By Nathan Stiff
Donna Zuckerberg, founder and editor-in-chief of Eidolon, an online classics publication, spoke on the contradictions of The Red Pill community’s infatuation with stoic philosophy April 23 in Stamp.
Zuckerberg, who wrote the 2018 book, “Not All Dead White Men,” described The Red Pill community as a far-right group of angry men who have deemed white male privilege a myth, and are dissatisfied with today’s common progressive culture. Its name is in reference to the 1999 film “The Matrix,” in which the main character must choose between taking a blue pill, which represents blissful ignorance, or a red pill, which represents painful truth.
“The surviving stoic texts primarily dispense advice on how to respond rationally to difficult situations without getting needlessly upset,” Zuckerberg said. “The Red Pill is a community where angry men fan the flames of each others’ rage and encourage each other to invade feminist spaces and verbally attack women.”
The word “stoic,” in this context, refers not to the more modern use of the word, meaning the ability to conceal pain or emotion, but to an ancient Greek and Roman philosophy that teaches rationality and self-control. Notable stoic writers include Seneca and Marcus Aurelius.
Zuckerberg said some hateful groups, including the alt-right, use stoicism to create a veneer of enlightenment around their movement.
“The adoption of stoicism, as it turns out, works as a legitimizing strategy for The Red Pill community,” Zuckerman said. “It allows them to project the appearance of emotional control in order to establish their moral superiority over groups that they perceive as irrational. These groups include women, the LGBTQ community and people of color.”
It is ironic, according to Zuckerberg, that this community professes stoicism, because although it was pervaded by the “cavalier sexism” of its time and place, the stoics wrote that women were essentially equal to men in their capacity for reason.
“The feminism, if you want to call it that, of [stoic] texts is often far from perfect, but it’s still more favorable to women than almost any other ancient philosophy, ” she said. “Yet it is used by the men of The Red Pill to provide an intellectual and historical underpinning for their sexism.”
Zuckerberg said she considers it an exercise in futility, trying to persuade members of this group that their values conflict with stoicism.
“I think that engaging with them is not an effective strategy,” Zuckerberg said. “So much of their aim is just to get a response — any response — out of people, so they will frame any interaction as a victory.”

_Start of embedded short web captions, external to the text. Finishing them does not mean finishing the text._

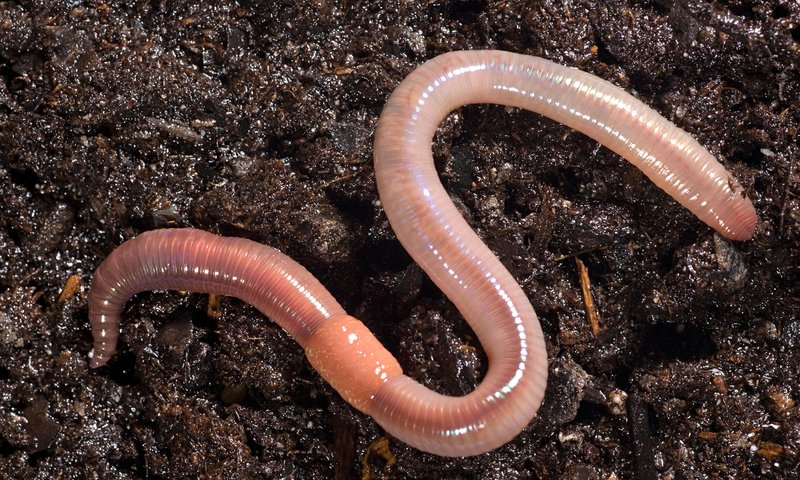 What Are Earthworms And Why Are They Important?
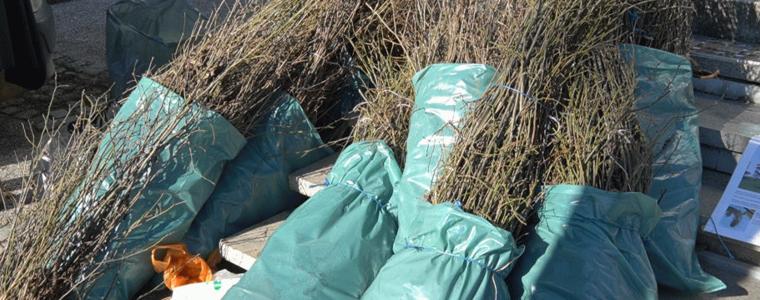 18 000 дръвчета за засаждане ще бъдат раздадени в Добрич от Гората.бг.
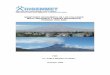 MONITOREO GEOQUÍMICO DE LOS VOLCANES MISTI (AREQUIPA) …ovi.ingemmet.gob.pe/wp-content/uploads/2018/10/2008_Informe_Geoquimica... · Los sistemas hidrotermales, están asociados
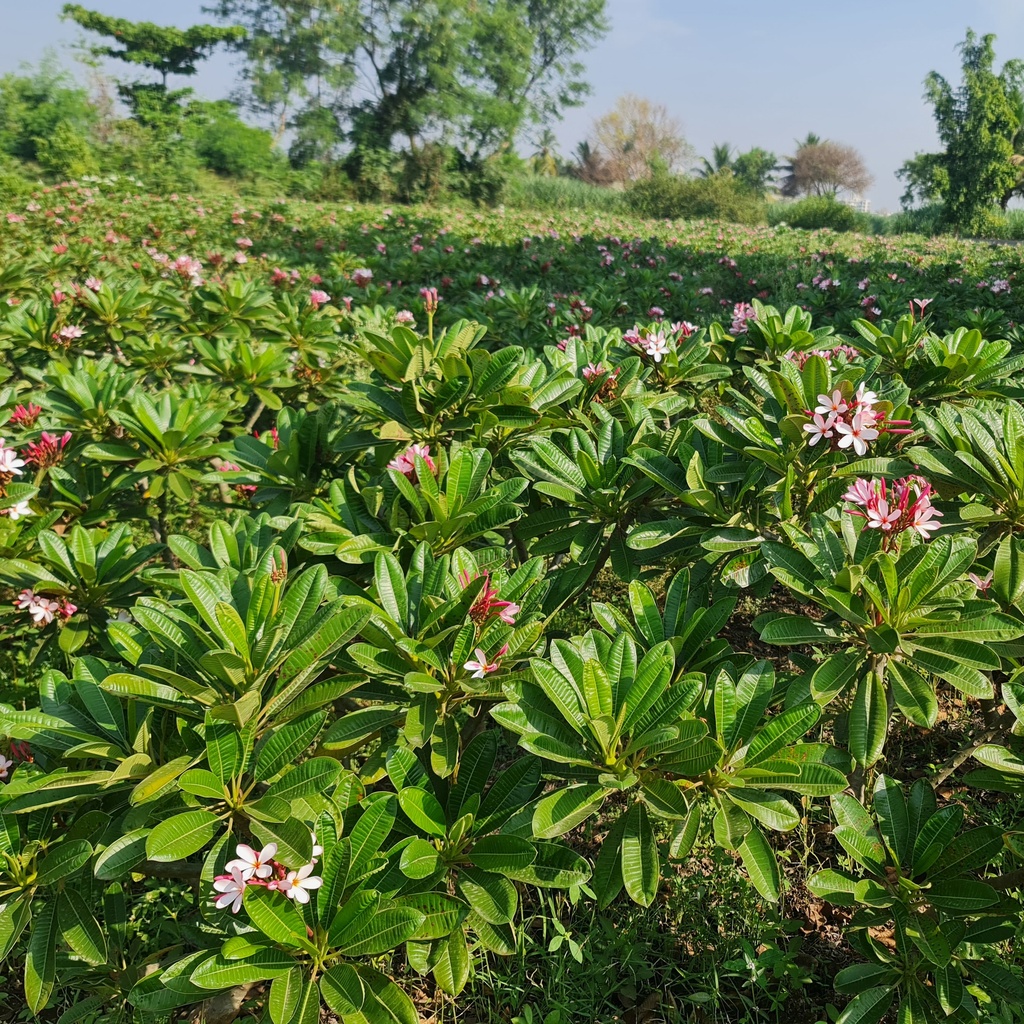 Champa, Plumeria Singapore dwarf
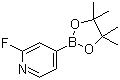 2-Fluoropyridine-4-boronic acid pinacol ester molecular structure (CAS 458532-86-0)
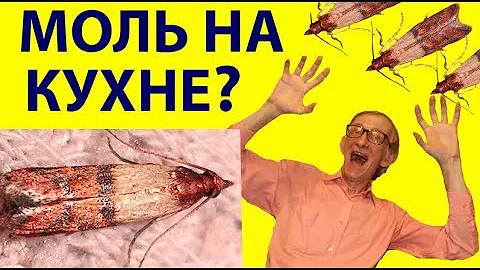 Где Моль Откладывает Яйца? Моль Несушка, Южная Плодовая Plodia interpunctella Под Микроскопом.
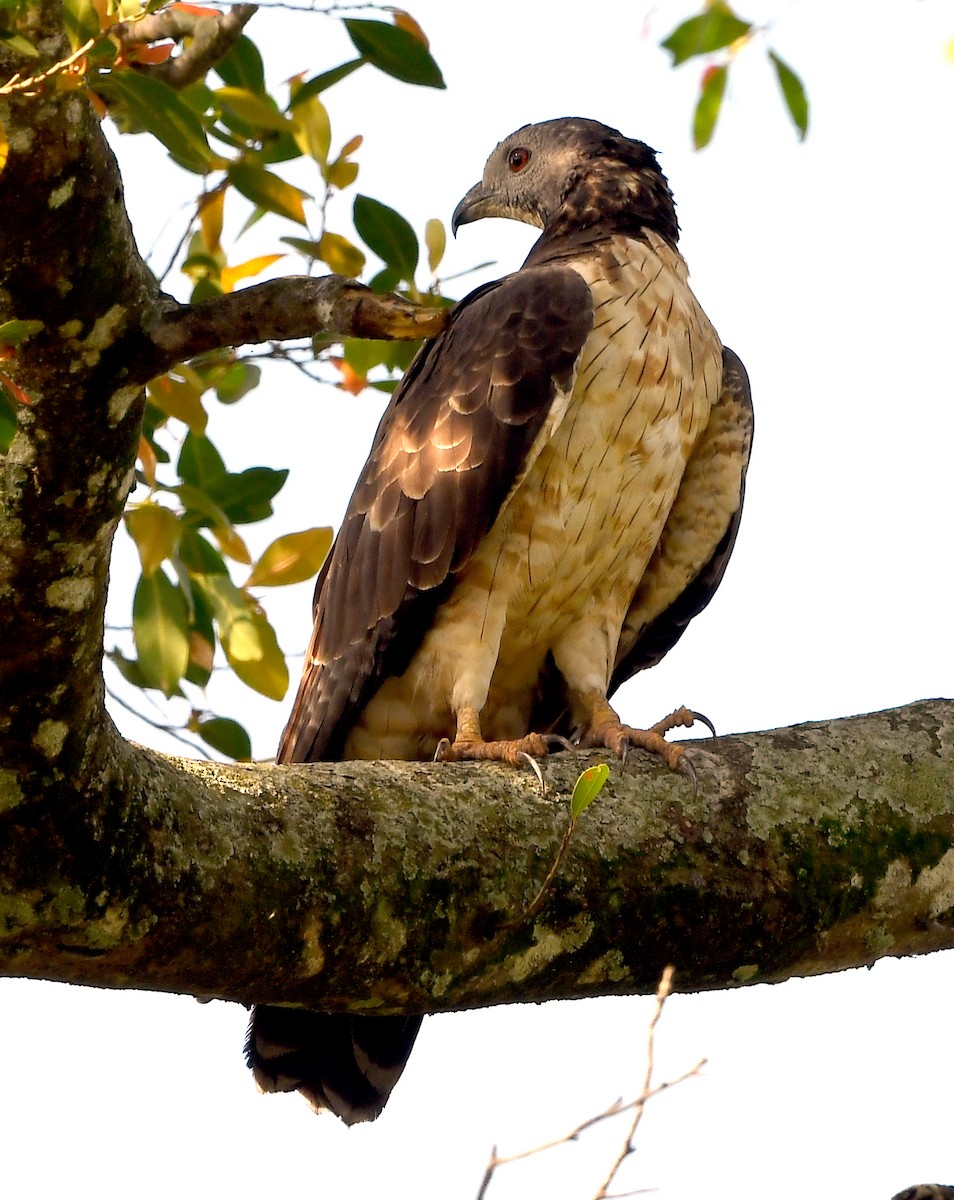 Oriental Honey-buzzard - ML629075867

Cailin O’Toole, a sophomore computer science and government and politics double major, said she attended the event to learn how members of The Red Pill movement and similar groups think.
“I liked seeing the examples of what people were actually saying, and being able to read the actual posts behind what she’s comparing it to,” O’Toole said.
The most important takeaways for Brittany Starr, a graduate student in the English department, were Zuckerberg’s strategies for limiting the impact of harmful ideologies through de-platforming.
Robert Matera, a lecturer in the classics department, also took interest in the “sideways strategies” Zuckerberg suggested for dealing with The Red Pill community.
“I think that the issues Dr. Zuckerberg brought up are really important issues for us to be thinking about in our field,” Matera said, “to be thinking about as we decide how and what we’re going to write in our research and publications, and as we decide how and what we’re going to teach in the classroom.”
Zuckerberg said she first discovered The Red Pill community’s fascination with stoicism after reading an article written by Chiara Sulprizio on Eidolon, titled “Why Is Stoicism Having a Cultural Moment?”.
According to its mission statement, the publication aims to make the study of classics “political and personal, feminist and fun,” and publishes commentary on ancient Greek and Roman art, literature and philosophy, and the study of classics itself.
The Bahá’í Chair for World Peace, a University of Maryland academic program that researches paths and obstacles to world peace, hosted the lecture. Hoda Mahmoudi, the current chair of the program, introduced Zuckerberg.
“Once agreed upon ethical principles, or right and wrong, are breaking apart,” Mahmoudi said. “Institutions of higher learning and academics have a crucial role to play in society’s path toward human cohesion and constructive solutions to the problems that plague our society.”